The RL entrypoint supports several training algorithms, switched via [orchestrator.algo]’s type (see Algorithms for the full reference, model references, and per-algorithm customization):

`algo.type`	Frozen model	Use case
`grpo` (default)	None	Standard group-relative RL
`max_rl`	None	MaxRL: GRPO with mean-normalized advantages (maximum-likelihood RL)
`opd`	Required, must be vLLM (needs `prompt_logprobs`)	On-policy distillation: the policy generates rollouts, the trainer minimizes per-token reverse KL to a reference model
`sft`	Required, any OpenAI-compatible endpoint	Hard-distill: a frozen model generates rollouts, the policy trains on its tokens
`opsd`	None — the live policy is its own reference (no deployment)	SDFT: the model is its own reference conditioned on expert demonstrations
`echo`	None	GRPO plus cross-entropy on env-observation tokens

A new algorithm is a named class in code, not a config — see Algorithms § Authoring an Algorithm. Frozen models are declared inline on the algorithm, named where the model is used — [orchestrator.algo.teacher] for opd (the frozen model scored against), [orchestrator.algo.sampling.source] for sft (the model it samples from) — each with name + base_url. opsd declares no frozen model: it self-distills against the live policy. The rl entrypoint only manages policy inference — start frozen-model servers yourself and point base_url at them:

CUDA_VISIBLE_DEVICES=1 uv run inference \
  --model.name <frozen-model> --server.port 8001

The standalone uv run sft entrypoint is the more traditional SFT path — pure dataset-based, no orchestrator. Use the sft algorithm only when you want a frozen model to generate the supervision on the fly.

Important Metrics

Pulled from the console logs and mirrored to W&B. Progress (orchestrator):

reward/{all,env}/mean — main signal. Should trend upward over hundreds of steps.
seq_len/{all,env}/mean and is_truncated/{all,env}/mean — rollout length and truncation rate.
num_turns/{all,env}/mean — for multi-turn envs.
empty_rollouts/{all,env}, errored_rollouts/{all,env} — non-zero is fine in small numbers; sustained > 5% is a smell.
eval/{env}/{avg@k,pass@k} — eval scores when [orchestrator.eval] is set.

Stability (trainer):

mismatch_kl/{all,env}/{mean,std,max} — KL between trainer’s current policy and the (older) inference policy that generated the rollouts. A sustained, growing mean is the early-warning sign for off-policy collapse.
entropy/{all,env}/mean — too low means mode-collapse; too high means the model isn’t committing.
masked_advantage_{positive,negative}/mean — fraction of DPPO-masked tokens, split by sign.
optim/grad_norm — spikes precede divergence; check the loss config or lower the LR.

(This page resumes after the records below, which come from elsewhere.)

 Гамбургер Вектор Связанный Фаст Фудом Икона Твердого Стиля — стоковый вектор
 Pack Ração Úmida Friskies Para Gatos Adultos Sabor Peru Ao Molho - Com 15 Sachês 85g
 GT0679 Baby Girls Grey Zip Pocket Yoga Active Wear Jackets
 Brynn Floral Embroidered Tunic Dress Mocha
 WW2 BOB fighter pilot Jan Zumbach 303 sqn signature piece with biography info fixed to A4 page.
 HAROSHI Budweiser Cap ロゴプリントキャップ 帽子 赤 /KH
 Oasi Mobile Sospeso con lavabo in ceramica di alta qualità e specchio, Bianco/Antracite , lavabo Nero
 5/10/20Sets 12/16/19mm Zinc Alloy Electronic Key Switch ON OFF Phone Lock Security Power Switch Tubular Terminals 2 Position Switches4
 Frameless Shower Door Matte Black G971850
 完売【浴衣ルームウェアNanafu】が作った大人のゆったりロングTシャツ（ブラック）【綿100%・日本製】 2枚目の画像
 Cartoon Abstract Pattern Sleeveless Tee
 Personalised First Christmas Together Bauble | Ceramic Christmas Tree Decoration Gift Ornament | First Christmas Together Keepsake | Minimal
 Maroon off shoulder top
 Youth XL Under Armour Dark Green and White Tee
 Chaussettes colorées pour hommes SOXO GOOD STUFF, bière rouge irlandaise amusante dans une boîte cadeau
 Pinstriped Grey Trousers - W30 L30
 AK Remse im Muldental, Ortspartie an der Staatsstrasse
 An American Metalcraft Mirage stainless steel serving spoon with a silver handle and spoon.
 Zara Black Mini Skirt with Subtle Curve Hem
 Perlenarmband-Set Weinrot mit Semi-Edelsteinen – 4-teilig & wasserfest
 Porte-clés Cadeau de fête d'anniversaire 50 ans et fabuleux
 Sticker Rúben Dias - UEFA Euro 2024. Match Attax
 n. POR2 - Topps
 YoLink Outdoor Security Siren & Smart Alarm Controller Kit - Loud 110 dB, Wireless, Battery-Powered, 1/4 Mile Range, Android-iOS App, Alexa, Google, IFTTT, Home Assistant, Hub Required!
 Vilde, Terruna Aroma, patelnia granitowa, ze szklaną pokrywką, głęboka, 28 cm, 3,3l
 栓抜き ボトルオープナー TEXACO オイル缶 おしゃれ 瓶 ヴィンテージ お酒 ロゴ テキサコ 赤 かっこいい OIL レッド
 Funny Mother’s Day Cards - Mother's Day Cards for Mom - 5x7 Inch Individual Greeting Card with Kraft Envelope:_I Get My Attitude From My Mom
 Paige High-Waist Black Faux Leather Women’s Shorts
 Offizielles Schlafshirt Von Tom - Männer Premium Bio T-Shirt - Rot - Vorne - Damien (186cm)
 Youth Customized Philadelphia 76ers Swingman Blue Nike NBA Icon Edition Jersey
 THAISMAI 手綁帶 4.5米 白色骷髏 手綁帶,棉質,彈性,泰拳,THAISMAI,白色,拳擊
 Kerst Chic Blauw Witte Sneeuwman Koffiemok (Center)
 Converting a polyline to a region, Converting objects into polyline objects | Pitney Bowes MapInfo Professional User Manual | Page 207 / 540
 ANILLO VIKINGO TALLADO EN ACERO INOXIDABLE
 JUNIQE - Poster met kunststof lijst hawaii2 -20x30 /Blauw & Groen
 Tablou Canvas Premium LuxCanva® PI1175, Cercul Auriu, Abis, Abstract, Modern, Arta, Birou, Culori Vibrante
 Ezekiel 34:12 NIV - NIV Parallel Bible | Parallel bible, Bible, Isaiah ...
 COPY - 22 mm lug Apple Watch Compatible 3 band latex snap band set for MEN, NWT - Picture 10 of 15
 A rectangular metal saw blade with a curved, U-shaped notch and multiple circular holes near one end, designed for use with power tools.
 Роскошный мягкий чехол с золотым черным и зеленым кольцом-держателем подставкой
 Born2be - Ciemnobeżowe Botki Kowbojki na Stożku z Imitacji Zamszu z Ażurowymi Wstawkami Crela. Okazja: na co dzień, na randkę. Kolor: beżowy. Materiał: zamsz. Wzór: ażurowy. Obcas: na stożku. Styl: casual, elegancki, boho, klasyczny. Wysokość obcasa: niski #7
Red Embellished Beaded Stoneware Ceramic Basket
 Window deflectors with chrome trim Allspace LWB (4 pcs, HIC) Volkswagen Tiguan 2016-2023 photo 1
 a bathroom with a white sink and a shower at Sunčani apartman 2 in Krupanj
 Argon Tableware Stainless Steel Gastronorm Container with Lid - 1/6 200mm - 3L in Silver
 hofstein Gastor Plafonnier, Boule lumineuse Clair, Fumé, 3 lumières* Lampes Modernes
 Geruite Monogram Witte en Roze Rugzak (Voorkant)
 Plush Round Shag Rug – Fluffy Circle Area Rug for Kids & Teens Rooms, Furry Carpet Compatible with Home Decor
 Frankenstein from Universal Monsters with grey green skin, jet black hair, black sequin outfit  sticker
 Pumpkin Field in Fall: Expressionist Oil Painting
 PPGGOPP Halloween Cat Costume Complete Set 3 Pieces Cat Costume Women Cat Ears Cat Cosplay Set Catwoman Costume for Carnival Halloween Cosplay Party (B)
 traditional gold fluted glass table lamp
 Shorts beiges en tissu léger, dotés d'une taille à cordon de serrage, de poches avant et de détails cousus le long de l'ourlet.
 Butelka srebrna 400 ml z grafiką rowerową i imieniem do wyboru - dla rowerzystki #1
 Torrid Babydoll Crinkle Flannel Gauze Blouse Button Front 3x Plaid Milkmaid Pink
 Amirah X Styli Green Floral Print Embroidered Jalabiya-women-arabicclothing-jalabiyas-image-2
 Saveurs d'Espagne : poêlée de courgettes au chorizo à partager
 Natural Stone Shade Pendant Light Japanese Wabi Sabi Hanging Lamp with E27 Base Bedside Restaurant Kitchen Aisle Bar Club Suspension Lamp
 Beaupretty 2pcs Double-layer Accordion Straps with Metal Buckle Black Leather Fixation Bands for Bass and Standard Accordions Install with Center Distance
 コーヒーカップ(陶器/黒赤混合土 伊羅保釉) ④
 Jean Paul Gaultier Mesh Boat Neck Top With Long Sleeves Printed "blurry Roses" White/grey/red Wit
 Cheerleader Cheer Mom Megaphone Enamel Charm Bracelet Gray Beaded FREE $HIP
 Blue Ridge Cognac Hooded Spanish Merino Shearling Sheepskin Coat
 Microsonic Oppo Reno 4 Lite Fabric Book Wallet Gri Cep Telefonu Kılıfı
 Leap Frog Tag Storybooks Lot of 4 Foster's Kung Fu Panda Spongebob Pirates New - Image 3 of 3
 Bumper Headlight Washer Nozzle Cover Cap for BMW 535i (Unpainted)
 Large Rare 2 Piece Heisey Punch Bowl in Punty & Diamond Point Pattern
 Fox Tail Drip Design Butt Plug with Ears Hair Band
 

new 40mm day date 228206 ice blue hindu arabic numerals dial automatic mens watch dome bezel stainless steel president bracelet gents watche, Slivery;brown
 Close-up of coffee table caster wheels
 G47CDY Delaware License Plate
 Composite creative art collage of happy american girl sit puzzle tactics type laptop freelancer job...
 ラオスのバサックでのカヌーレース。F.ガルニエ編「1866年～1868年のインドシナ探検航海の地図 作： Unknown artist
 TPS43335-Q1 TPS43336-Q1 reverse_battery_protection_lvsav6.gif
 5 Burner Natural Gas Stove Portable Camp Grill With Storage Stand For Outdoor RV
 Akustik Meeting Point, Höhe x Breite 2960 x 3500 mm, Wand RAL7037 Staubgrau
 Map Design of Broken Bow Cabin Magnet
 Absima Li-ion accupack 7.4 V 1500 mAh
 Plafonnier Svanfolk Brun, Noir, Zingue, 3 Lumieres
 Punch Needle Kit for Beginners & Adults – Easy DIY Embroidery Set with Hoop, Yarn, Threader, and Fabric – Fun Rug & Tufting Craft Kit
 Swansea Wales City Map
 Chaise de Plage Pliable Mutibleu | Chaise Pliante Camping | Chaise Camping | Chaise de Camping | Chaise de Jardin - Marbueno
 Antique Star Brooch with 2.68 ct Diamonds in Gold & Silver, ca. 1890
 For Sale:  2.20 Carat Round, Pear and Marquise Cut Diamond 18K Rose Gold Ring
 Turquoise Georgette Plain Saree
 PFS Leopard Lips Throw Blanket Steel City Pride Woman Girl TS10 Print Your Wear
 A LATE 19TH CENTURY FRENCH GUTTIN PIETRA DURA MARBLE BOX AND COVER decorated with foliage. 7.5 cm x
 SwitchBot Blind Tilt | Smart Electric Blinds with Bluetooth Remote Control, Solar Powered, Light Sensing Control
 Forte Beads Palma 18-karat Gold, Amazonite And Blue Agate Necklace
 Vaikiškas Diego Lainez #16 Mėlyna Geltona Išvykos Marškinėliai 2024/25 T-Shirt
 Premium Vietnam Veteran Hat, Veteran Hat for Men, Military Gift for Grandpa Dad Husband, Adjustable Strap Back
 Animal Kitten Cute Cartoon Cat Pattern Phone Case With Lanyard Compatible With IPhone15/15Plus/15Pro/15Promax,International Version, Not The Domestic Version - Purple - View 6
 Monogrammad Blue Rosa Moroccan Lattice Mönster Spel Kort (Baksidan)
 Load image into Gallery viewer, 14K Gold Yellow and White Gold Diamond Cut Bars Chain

Performance (trainer + orchestrator step independently):

Source	Metric	Reading
trainer	`time/wait_for_batch`	high → orchestrator bottleneck
orchestrator	`time/wait_for_ckpt`	high → trainer bottleneck

SFT Trainer

uv run sft runs supervised fine-tuning from a HF dataset. It shares model loaders, FSDP setup, checkpointing, and the chat-template plumbing with the RL trainer, so a typical workflow is SFT → RL → SFT → … without any reformatting.

Dataset Format

Two accepted layouts:

Prompt-completion: a HF dataset with prompt and completion columns (TRL format). The trainer masks out the prompt and computes loss only over the completion.
Messages: a HF dataset with a single messages column containing a list of chat turns. The trainer interprets the whole conversation as one sample, applies role-based loss masking, and trains over all assistant turns.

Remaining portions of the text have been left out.